Ben Rosser: When someone asks me, I say I come from Leverett Massachusetts, a small town of twelve hundred people and one stoplight. Although I can’t really say I grew up there, I definitely feel it has shaped me much more than my birthplace near Boston had. I moved away from Boston at age ten after my father came home and announced he found our new home... two hours away. I was furious at first because I knew it meant having different friends, doing different activities, and a completely different way of life. Only eight years later did I accept that moving had been a good idea. And now, twelve years later, I can’t imagine growing up anywhere else in the world.

Dapper: How you get into photography? Was there a specific moment that solidified this career choice?

Ben Rosser: My earliest memory of taking a photograph was in Yellowstone National Park during the summer of 2000, a month before my tenth birthday. I had been walking around our campsite carrying my mothers Canon AE-1 film camera for an hour or so. I remember looking up the hillside of burnt and leafless trees in front me and feeling my heart beat a little faster at the thought of capturing this weird landscape. That moment was probably the last time I ever actually enjoyed photographing a landscape. I find overwhelming joy in capturing people, and have never understood the act of landscape photography. But that feeling of excitement I had felt in that moment has carried over to my portrait photography ever since.

Dapper: What brought you to India? How was your Journey? and can you share any noteworthy experiences?

Ben Rosser: I was invited to India to photograph The 2013 Windchasers Sandakphu Himalayan Race when a good friend and spectacular videographer Emma ZT referred me to the race directors. Emma had initially been hired to co-direct a documentary video project to be produced at the same time as my photographic involvement, but which had fallen through last minute after the production grew disproportionately compared to the funding and timeframe available. Due to the discontinuation of the video project Emma couldn’t come, so I decided to go solo and photograph the race anyway. I found sponsorship from Rao’s Café and Kind Healthy Snacks to fund my expenses, and as a result went into it with the intention of producing a body of work to be shown this coming summer. As of now I expect the show to be opening sometime in Mid July in Amherst Massachusetts and hopefully moving to New York City to open again this coming fall.

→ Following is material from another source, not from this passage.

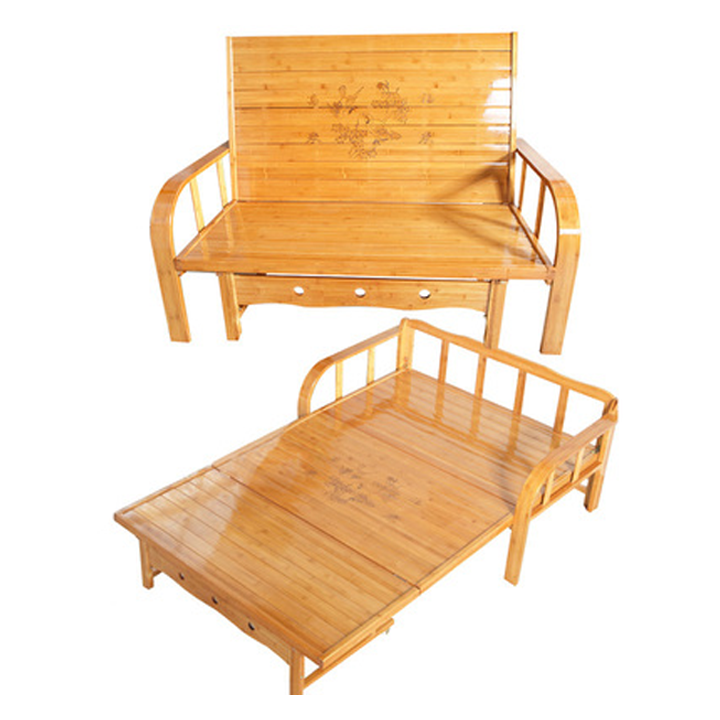 (Bảo Hành 1Năm) Sofa giường gỗ gấp gọn thành ghế đa năng thông minh - Giường Sofa Gấp Gọn chất liệu tre tự nhiện, chịu lực tốt tặng kèm đệm và gối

Something I will never forget is waking up the fourth and final day of the race to find the fog that had shrouded us the entire time had cleared. At that moment I found myself standing beneath the Everest range illuminated by the rising sun. It had been entirely invisible for the days leading up to that point. Never have I been so awestruck by a view in my entire life.

Dapper: When deciding on the perfect photograph, what is your thought process?

Ben Rosser: This is the question that has been the hardest to answer for me. It’ s purely based on a feeling, as soon as I make it something else like adding reason or strategy to the actual act of taking a picture I get lost and completely thrown into the dark. For me the line between strategy and impulse is drawn at the viewfinder – the act of actually composing the shot, feeling the moment and pressing the shutter is entirely unconscious and impulse based, but everything leading up to that point is based on strategy and technical knowledge.

Dapper: How do you choose your subjects? Is there something in particular that makes you react?

Ben Rosser: I’ve always be fascinated by expression and how something to subtle can become so contagious to the beholder. How every aspect of a photograph, the light, color, composition, the way a strand of hair can lay across one’s cheek... can add to the emotion to almost create one big expression all tied into itself in one single frame.

Dapper: What music are you currently listening to?

Ben Rosser: Currently, Aretha Franklin is playing over the café stereo as I sit in Breukelen Coffee House in Prospect Heights, Brooklyn. I used to have her song “Respect” on vinyl and would sing along to it as a kid.

Dapper: Outside of Photography, What are some of your hobbies?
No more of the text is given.